## EXERCISE GOAL
Please return each line of the listing exactly as given.

## MATERIAL SUPPLIED
---*---
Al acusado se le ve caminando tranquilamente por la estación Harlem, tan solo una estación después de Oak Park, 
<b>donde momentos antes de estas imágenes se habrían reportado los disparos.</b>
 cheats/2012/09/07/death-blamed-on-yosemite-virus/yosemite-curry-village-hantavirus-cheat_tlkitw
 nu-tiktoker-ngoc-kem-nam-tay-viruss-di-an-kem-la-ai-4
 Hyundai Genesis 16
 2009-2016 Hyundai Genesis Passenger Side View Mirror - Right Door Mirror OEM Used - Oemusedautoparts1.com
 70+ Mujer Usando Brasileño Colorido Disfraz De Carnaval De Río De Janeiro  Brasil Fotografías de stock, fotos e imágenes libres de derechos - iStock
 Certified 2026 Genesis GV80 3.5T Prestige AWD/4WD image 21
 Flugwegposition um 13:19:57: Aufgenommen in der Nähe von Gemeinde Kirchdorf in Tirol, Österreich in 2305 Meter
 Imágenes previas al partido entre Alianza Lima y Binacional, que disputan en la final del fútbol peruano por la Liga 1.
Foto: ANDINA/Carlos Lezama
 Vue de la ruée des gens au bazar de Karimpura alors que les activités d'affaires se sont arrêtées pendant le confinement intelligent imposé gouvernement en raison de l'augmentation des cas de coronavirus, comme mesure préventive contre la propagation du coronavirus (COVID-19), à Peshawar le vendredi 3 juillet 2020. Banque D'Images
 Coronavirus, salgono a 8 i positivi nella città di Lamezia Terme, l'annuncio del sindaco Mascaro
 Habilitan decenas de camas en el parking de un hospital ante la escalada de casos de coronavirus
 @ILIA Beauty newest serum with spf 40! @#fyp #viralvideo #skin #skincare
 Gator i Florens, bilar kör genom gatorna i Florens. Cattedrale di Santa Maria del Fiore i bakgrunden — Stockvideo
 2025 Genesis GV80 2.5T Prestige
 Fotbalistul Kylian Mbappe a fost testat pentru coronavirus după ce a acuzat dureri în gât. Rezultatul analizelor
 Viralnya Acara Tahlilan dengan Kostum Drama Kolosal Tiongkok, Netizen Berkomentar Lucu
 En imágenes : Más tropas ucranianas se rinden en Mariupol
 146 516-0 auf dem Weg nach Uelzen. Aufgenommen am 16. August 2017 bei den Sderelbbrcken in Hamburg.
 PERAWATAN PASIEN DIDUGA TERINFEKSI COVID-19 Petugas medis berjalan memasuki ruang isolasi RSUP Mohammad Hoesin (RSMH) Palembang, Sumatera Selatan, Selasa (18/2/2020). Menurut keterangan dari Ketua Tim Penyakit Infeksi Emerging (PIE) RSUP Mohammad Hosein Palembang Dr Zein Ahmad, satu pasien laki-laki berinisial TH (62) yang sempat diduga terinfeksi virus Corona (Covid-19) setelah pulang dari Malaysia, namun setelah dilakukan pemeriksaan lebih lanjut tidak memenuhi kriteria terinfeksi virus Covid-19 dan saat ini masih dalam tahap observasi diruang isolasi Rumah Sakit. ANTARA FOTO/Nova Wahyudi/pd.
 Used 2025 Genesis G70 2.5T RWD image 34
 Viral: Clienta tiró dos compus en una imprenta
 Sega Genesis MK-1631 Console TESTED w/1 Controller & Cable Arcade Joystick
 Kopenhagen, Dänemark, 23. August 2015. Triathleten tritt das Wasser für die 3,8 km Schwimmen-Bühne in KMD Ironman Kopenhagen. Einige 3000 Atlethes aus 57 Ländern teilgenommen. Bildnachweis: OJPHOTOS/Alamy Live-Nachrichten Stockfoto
---*---
## EXPECTED OUTPUT
Al acusado se le ve caminando tranquilamente por la estación Harlem, tan solo una estación después de Oak Park, 
<b>donde momentos antes de estas imágenes se habrían reportado los disparos.</b>
 cheats/2012/09/07/death-blamed-on-yosemite-virus/yosemite-curry-village-hantavirus-cheat_tlkitw
 nu-tiktoker-ngoc-kem-nam-tay-viruss-di-an-kem-la-ai-4
 Hyundai Genesis 16
 2009-2016 Hyundai Genesis Passenger Side View Mirror - Right Door Mirror OEM Used - Oemusedautoparts1.com
 70+ Mujer Usando Brasileño Colorido Disfraz De Carnaval De Río De Janeiro  Brasil Fotografías de stock, fotos e imágenes libres de derechos - iStock
 Certified 2026 Genesis GV80 3.5T Prestige AWD/4WD image 21
 Flugwegposition um 13:19:57: Aufgenommen in der Nähe von Gemeinde Kirchdorf in Tirol, Österreich in 2305 Meter
 Imágenes previas al partido entre Alianza Lima y Binacional, que disputan en la final del fútbol peruano por la Liga 1.
Foto: ANDINA/Carlos Lezama
 Vue de la ruée des gens au bazar de Karimpura alors que les activités d'affaires se sont arrêtées pendant le confinement intelligent imposé gouvernement en raison de l'augmentation des cas de coronavirus, comme mesure préventive contre la propagation du coronavirus (COVID-19), à Peshawar le vendredi 3 juillet 2020. Banque D'Images
 Coronavirus, salgono a 8 i positivi nella città di Lamezia Terme, l'annuncio del sindaco Mascaro
 Habilitan decenas de camas en el parking de un hospital ante la escalada de casos de coronavirus
 @ILIA Beauty newest serum with spf 40! @#fyp #viralvideo #skin #skincare
 Gator i Florens, bilar kör genom gatorna i Florens. Cattedrale di Santa Maria del Fiore i bakgrunden — Stockvideo
 2025 Genesis GV80 2.5T Prestige
 Fotbalistul Kylian Mbappe a fost testat pentru coronavirus după ce a acuzat dureri în gât. Rezultatul analizelor
 Viralnya Acara Tahlilan dengan Kostum Drama Kolosal Tiongkok, Netizen Berkomentar Lucu
 En imágenes : Más tropas ucranianas se rinden en Mariupol
 146 516-0 auf dem Weg nach Uelzen. Aufgenommen am 16. August 2017 bei den Sderelbbrcken in Hamburg.
 PERAWATAN PASIEN DIDUGA TERINFEKSI COVID-19 Petugas medis berjalan memasuki ruang isolasi RSUP Mohammad Hoesin (RSMH) Palembang, Sumatera Selatan, Selasa (18/2/2020). Menurut keterangan dari Ketua Tim Penyakit Infeksi Emerging (PIE) RSUP Mohammad Hosein Palembang Dr Zein Ahmad, satu pasien laki-laki berinisial TH (62) yang sempat diduga terinfeksi virus Corona (Covid-19) setelah pulang dari Malaysia, namun setelah dilakukan pemeriksaan lebih lanjut tidak memenuhi kriteria terinfeksi virus Covid-19 dan saat ini masih dalam tahap observasi diruang isolasi Rumah Sakit. ANTARA FOTO/Nova Wahyudi/pd.
 Used 2025 Genesis G70 2.5T RWD image 34
 Viral: Clienta tiró dos compus en una imprenta
 Sega Genesis MK-1631 Console TESTED w/1 Controller & Cable Arcade Joystick
 Kopenhagen, Dänemark, 23. August 2015. Triathleten tritt das Wasser für die 3,8 km Schwimmen-Bühne in KMD Ironman Kopenhagen. Einige 3000 Atlethes aus 57 Ländern teilgenommen. Bildnachweis: OJPHOTOS/Alamy Live-Nachrichten Stockfoto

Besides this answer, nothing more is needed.